■ **TASK STATEMENT**:
Every line from the first in the listing below to the line containing "Ceramic Coffee Mug" is to be repeated exactly, and no line past it.
+-------+
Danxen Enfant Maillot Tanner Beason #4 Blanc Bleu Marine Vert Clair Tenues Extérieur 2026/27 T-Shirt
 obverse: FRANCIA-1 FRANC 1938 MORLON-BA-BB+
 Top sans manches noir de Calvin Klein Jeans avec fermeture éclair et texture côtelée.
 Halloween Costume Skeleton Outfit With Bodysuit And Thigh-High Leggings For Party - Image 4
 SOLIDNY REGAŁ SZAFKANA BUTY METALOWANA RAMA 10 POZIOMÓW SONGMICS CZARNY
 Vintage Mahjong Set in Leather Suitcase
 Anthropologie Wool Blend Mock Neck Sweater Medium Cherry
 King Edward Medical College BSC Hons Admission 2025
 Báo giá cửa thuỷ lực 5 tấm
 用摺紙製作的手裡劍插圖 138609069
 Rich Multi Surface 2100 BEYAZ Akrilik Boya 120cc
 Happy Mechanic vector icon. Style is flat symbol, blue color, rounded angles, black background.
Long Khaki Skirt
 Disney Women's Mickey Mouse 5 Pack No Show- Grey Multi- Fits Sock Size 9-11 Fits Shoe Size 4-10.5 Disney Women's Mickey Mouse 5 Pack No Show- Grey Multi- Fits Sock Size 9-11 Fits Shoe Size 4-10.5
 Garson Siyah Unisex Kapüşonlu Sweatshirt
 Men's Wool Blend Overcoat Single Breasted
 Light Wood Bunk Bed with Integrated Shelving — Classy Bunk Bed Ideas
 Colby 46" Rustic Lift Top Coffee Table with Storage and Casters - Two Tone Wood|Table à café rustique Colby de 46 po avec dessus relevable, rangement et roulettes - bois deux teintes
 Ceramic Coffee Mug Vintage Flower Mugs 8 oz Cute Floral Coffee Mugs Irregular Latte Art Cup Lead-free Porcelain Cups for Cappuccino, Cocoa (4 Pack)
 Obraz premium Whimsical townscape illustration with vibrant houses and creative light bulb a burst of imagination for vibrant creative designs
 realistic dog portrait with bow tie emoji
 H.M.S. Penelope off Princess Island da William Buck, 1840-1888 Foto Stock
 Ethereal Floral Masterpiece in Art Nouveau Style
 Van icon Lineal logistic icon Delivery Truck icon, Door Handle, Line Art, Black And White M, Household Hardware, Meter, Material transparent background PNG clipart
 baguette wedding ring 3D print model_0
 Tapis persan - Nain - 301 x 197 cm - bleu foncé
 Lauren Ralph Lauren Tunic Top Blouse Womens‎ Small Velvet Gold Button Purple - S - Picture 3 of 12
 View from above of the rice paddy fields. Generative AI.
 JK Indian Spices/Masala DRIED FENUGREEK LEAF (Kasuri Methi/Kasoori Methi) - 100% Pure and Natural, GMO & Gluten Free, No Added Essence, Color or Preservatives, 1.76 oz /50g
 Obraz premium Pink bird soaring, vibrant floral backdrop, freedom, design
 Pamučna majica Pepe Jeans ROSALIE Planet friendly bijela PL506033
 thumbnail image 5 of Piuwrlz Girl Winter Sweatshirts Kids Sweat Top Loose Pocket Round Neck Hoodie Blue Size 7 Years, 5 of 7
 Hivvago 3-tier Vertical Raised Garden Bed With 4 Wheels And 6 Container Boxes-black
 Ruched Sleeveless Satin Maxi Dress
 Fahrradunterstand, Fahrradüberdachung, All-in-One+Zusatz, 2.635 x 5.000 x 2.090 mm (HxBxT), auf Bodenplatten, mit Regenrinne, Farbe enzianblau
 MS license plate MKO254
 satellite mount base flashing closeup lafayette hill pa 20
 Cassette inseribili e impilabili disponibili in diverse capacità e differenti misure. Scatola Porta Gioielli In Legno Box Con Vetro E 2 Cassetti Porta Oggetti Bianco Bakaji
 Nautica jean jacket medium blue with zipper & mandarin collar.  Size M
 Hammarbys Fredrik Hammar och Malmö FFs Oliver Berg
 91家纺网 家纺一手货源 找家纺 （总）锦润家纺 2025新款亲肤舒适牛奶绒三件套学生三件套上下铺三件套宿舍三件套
+-------+
■ **RESULT OF THIS TASK**:
Danxen Enfant Maillot Tanner Beason #4 Blanc Bleu Marine Vert Clair Tenues Extérieur 2026/27 T-Shirt
 obverse: FRANCIA-1 FRANC 1938 MORLON-BA-BB+
 Top sans manches noir de Calvin Klein Jeans avec fermeture éclair et texture côtelée.
 Halloween Costume Skeleton Outfit With Bodysuit And Thigh-High Leggings For Party - Image 4
 SOLIDNY REGAŁ SZAFKANA BUTY METALOWANA RAMA 10 POZIOMÓW SONGMICS CZARNY
 Vintage Mahjong Set in Leather Suitcase
 Anthropologie Wool Blend Mock Neck Sweater Medium Cherry
 King Edward Medical College BSC Hons Admission 2025
 Báo giá cửa thuỷ lực 5 tấm
 用摺紙製作的手裡劍插圖 138609069
 Rich Multi Surface 2100 BEYAZ Akrilik Boya 120cc
 Happy Mechanic vector icon. Style is flat symbol, blue color, rounded angles, black background.
Long Khaki Skirt
 Disney Women's Mickey Mouse 5 Pack No Show- Grey Multi- Fits Sock Size 9-11 Fits Shoe Size 4-10.5 Disney Women's Mickey Mouse 5 Pack No Show- Grey Multi- Fits Sock Size 9-11 Fits Shoe Size 4-10.5
 Garson Siyah Unisex Kapüşonlu Sweatshirt
 Men's Wool Blend Overcoat Single Breasted
 Light Wood Bunk Bed with Integrated Shelving — Classy Bunk Bed Ideas
 Colby 46" Rustic Lift Top Coffee Table with Storage and Casters - Two Tone Wood|Table à café rustique Colby de 46 po avec dessus relevable, rangement et roulettes - bois deux teintes
 Ceramic Coffee Mug Vintage Flower Mugs 8 oz Cute Floral Coffee Mugs Irregular Latte Art Cup Lead-free Porcelain Cups for Cappuccino, Cocoa (4 Pack)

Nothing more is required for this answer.